** Opening Recorded information block **

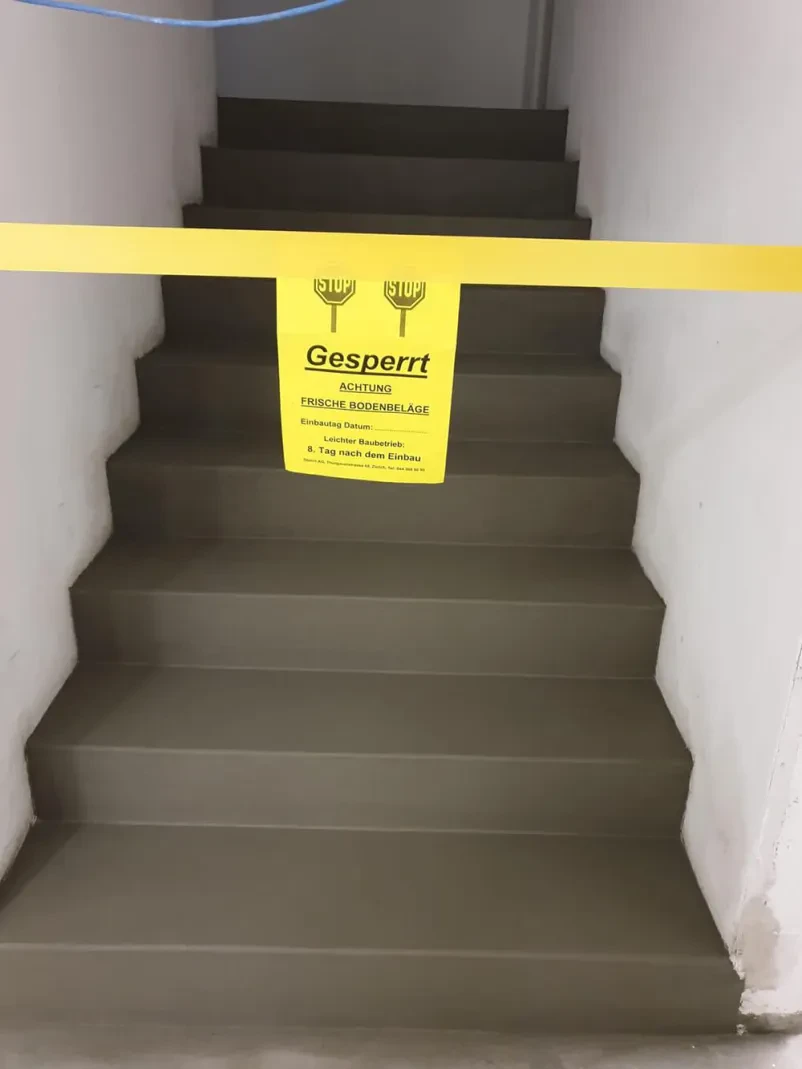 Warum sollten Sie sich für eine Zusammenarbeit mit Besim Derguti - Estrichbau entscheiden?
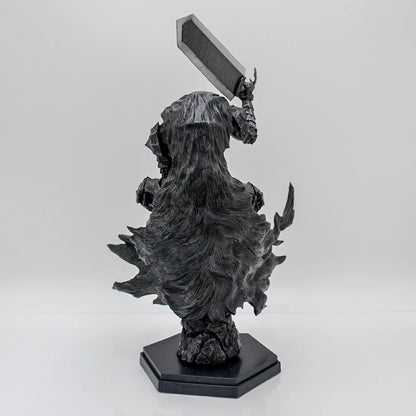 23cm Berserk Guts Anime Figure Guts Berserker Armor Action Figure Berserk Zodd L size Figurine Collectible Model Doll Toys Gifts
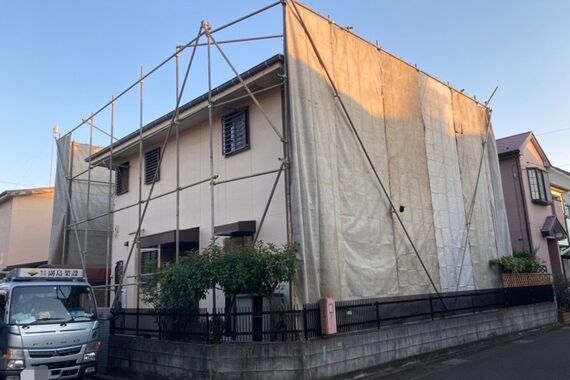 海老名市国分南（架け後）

** Closing Recorded information block **
** Opening Recorded information block **

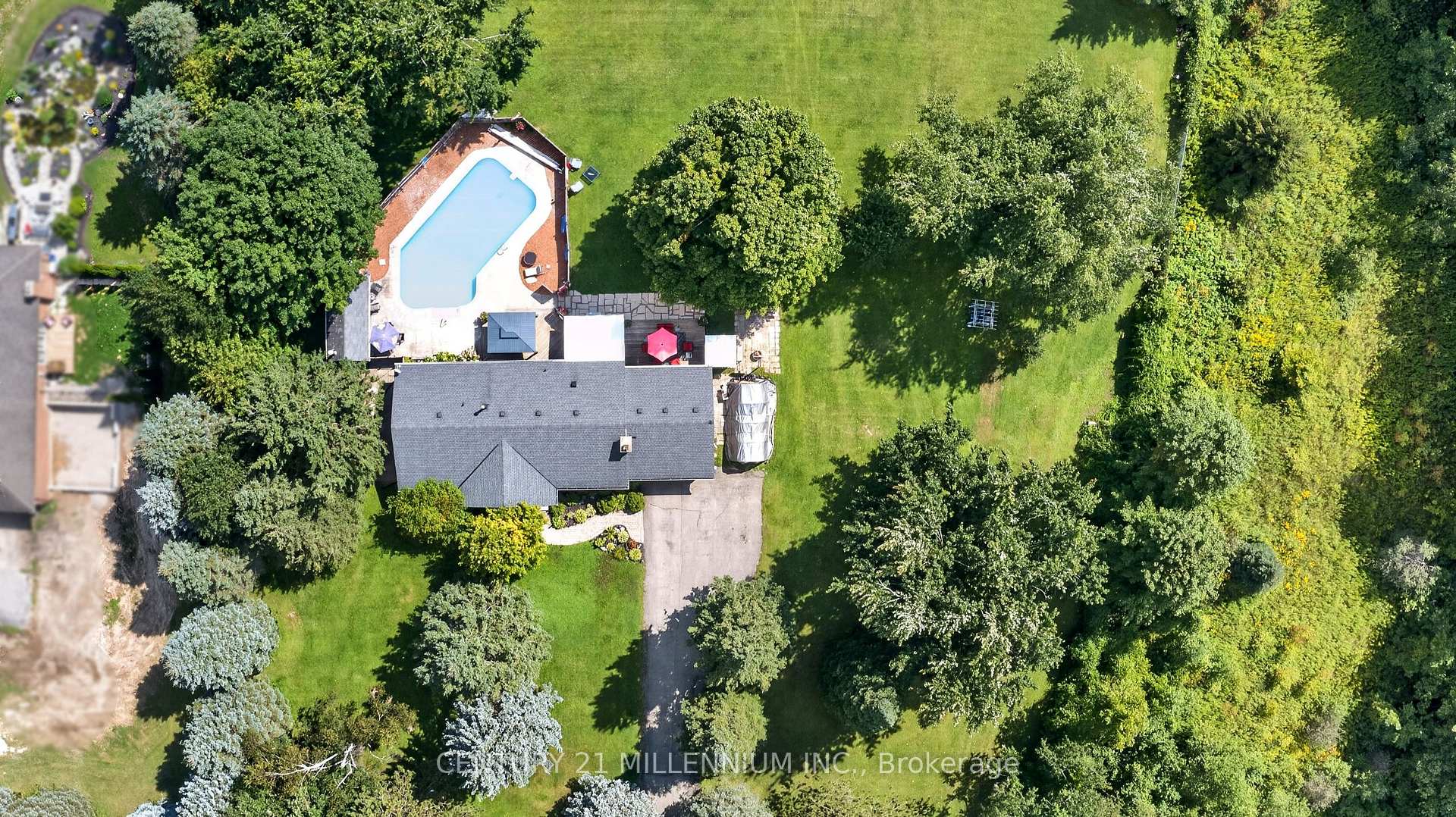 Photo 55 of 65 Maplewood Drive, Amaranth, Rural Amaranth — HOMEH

** Closing Recorded information block **
** Opening Recorded information block **

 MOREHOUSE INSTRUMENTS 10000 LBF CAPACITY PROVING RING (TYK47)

** Closing Recorded information block **

Working from the entries above, reproduce exactly and only the lines beginning with the line that has "Warum sollten Sie" and ending with the line that has "海老名市国分南（架け後）"; omit all pictures.

 Warum sollten Sie sich für eine Zusammenarbeit mit Besim Derguti - Estrichbau entscheiden?
 23cm Berserk Guts Anime Figure Guts Berserker Armor Action Figure Berserk Zodd L size Figurine Collectible Model Doll Toys Gifts
 海老名市国分南（架け後）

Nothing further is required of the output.